10.4.3 Nesta fase consiste na verificação dos cadastros impeditivos onde constam restrições para contratar com a administração. Existem diversos cadastros que podem ser consultados, tais como:

 CEIS – Cadastro Nacional de Empresas Inidôneas e Suspensas;

 CNEP – Cadastro Nacional de Empresas Punidas pela Anticorrupção (Lei nº 12.846/2013);

 CEPIM - Cadastro de Entidades Privadas Sem Fins Lucrativos Impedidas;

 Lista de Inidôneos do TCU;

 CNIA – Cadastro Nacional de Condenações por Improbidade Administrativa;

 Cadastro de Inidôneos do TCE/MT; e

 Cadastro de empresas punidas pela própria Entidade.

10.4.4. A Administração pode designar formalmente equipe técnica para auxiliar a CPL e pregoeiro na análise da documentação de habilitação e propostas de preços nas licitações para contratação de objetos mais complexos (Obras, Tecnologia da Informação – TI, medicamentos, por exemplo).

10.5 Julgamento das propostas

10.5.1 A etapa de julgamento consiste no confronto das ofertas, classificação dos licitantes e determinação do vencedor, ao qual será adjudicado o objeto da licitação.

10.5.2 No julgamento das propostas, deve ser verificada a conformidade de cada uma com os requisitos previstos no edital e, conforme o caso, com os preços correntes no mercado ou fixados por órgão oficial competente, ou ainda com os constantes do sistema de registro de preços. Esse exame deve ser registrado na ata de julgamento.

10.5.3 Em caso de desclassificação de licitante, os motivos de fato e de direito devem constar da lavratura das atas dos certames licitatórios, nos termos do art. 38, inciso VIII, da Lei nº 8.666/1993.

10.5.4 O princípio do julgamento objetivo (art. da Lei nº 8.666/1993), vincula a Administração, quando da apreciação das propostas, aos critérios de aferição previamente definidos no edital. Este princípio garante que o julgamento se faça segundo critérios objetivos e conhecidos dos licitantes.

10.6 Homologação e Adjudicação

10.6.1 Homologação é ato que ratifica todo o procedimento licitatório e confere aos atos praticados aprovação para que produzam os efeitos jurídicos necessários. A homologação de procedimento licitatório não é ato meramente formal, mas sim a aprovação das decisões tomadas pelos membros da comissão de licitação. É um ato intransferível e indelegável, cabendo exclusivamente à autoridade competente, independente da modalidade.

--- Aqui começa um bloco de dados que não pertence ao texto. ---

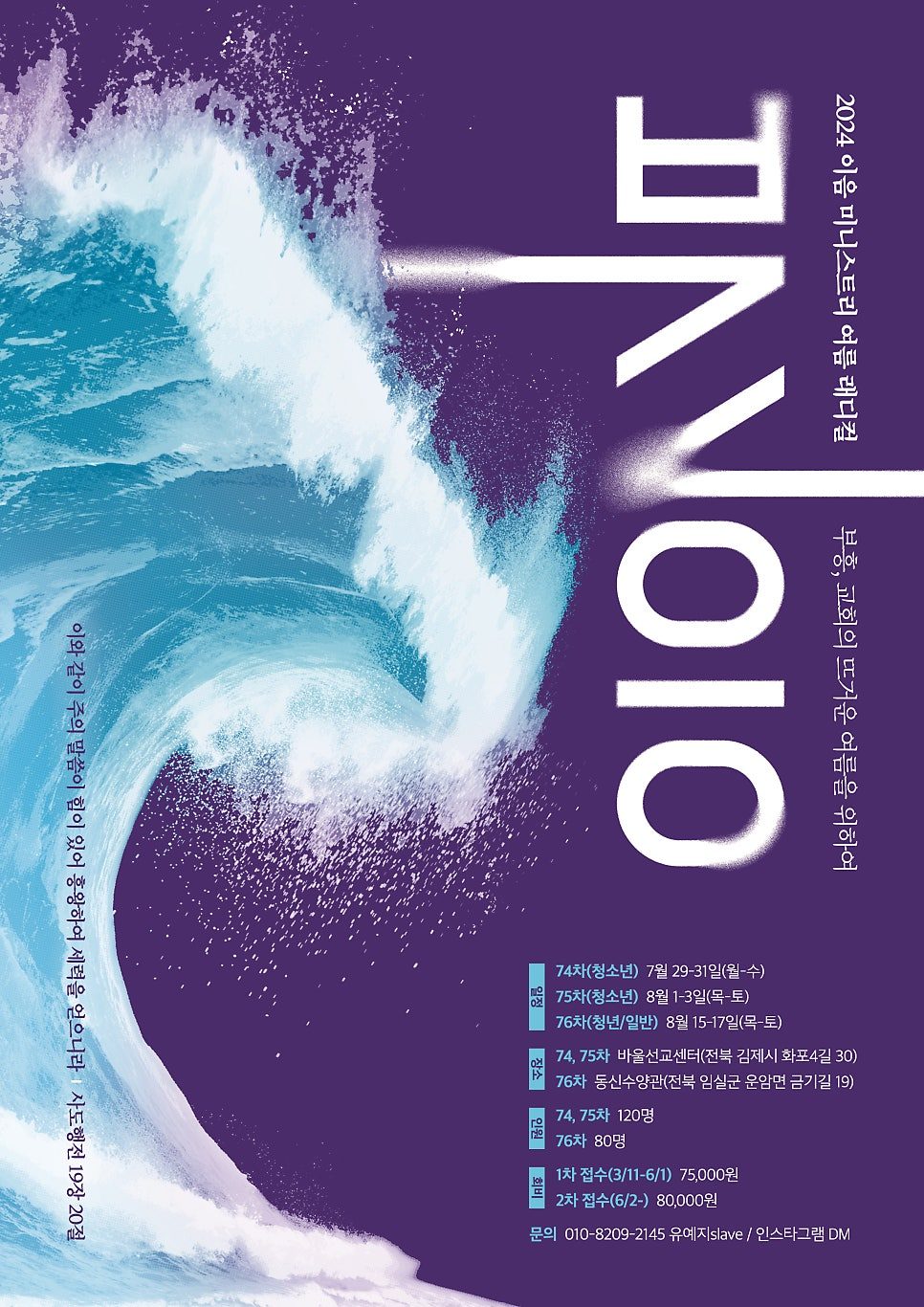 2024 청년부 여름수련회 포스터 디자인 — 부흥 래디컬 콘셉트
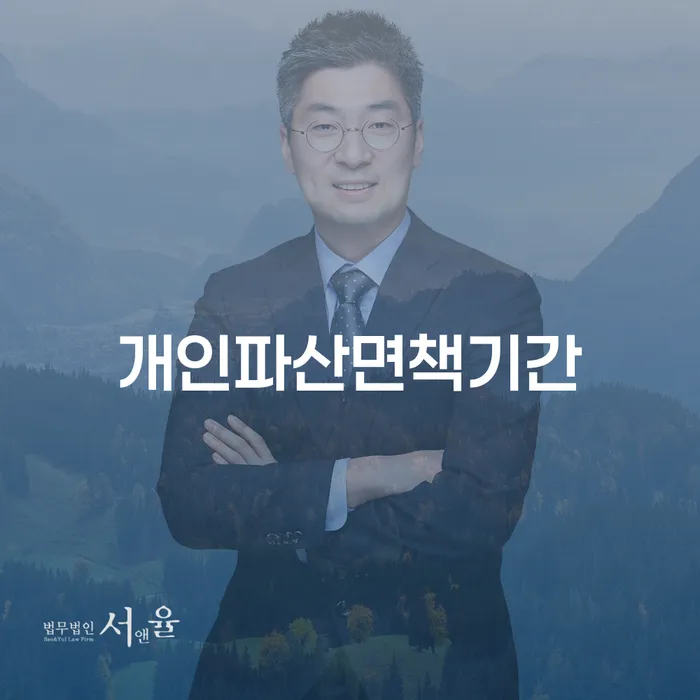 공주시 신용회생 개인회생 문제해결방법 전화상담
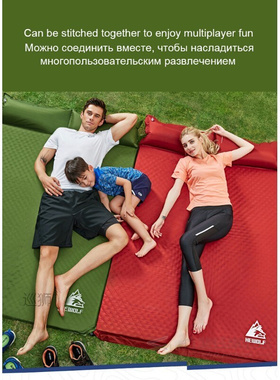 Outdoor air mattres Beach mat camping mat automatic inflatab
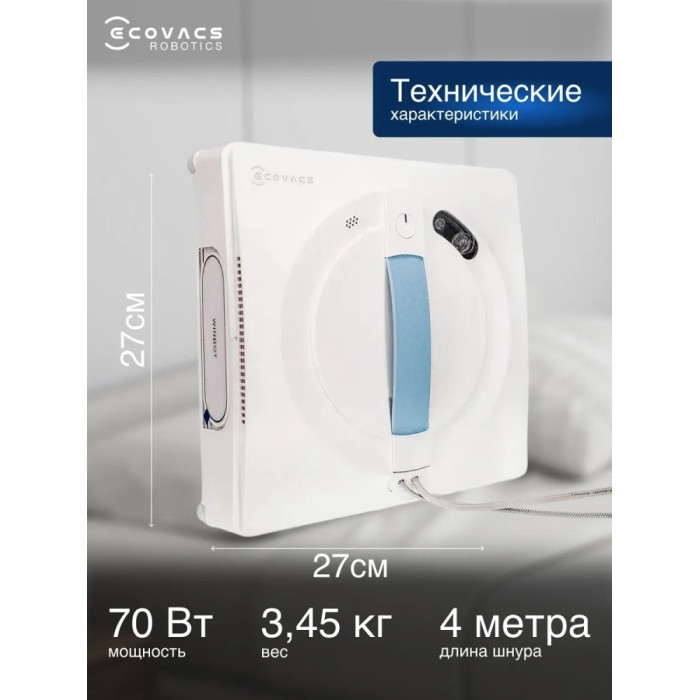 Ecovacs Winbot W1S белый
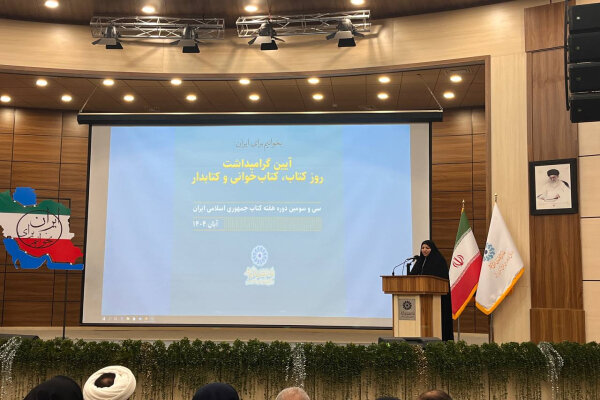 کتابخانه‌های عمومی اردبیل به پایگاه‌های اجتماعی و فرهنگی تبدیل شده‌اند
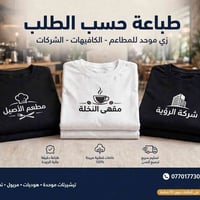 طباعة حسب الطلب • زي موحد • خصم ٢٠%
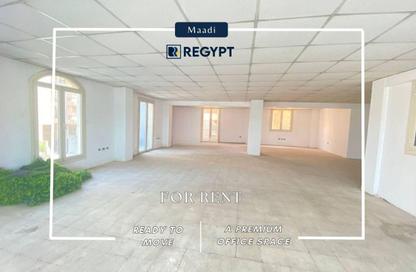 Full Floor - Studio - 4 Bathrooms for rent in Zahraa Al Maadi Tunnel - Degla - Hay El Maadi - Cairo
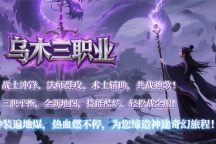 乌木三职业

Ao apor a sua assinatura para homologar o certame, a autoridade competente ratifica todos os atos da referida comissão, tornando-se por eles igualmente responsável.

10.6.2 Adjudicação, por sua vez, é ato pelo qual a Administração atribui o licitante vencedor o objeto da licitação. Especificamente na modalidade pregão, ela é realizada pelo pregoeiro, exceto se houver recurso da licitante registrado em ata. Nas modalidades concorrência, tomada de preços e convite, a adjudicação pode ser delegada aos responsáveis pela licitação.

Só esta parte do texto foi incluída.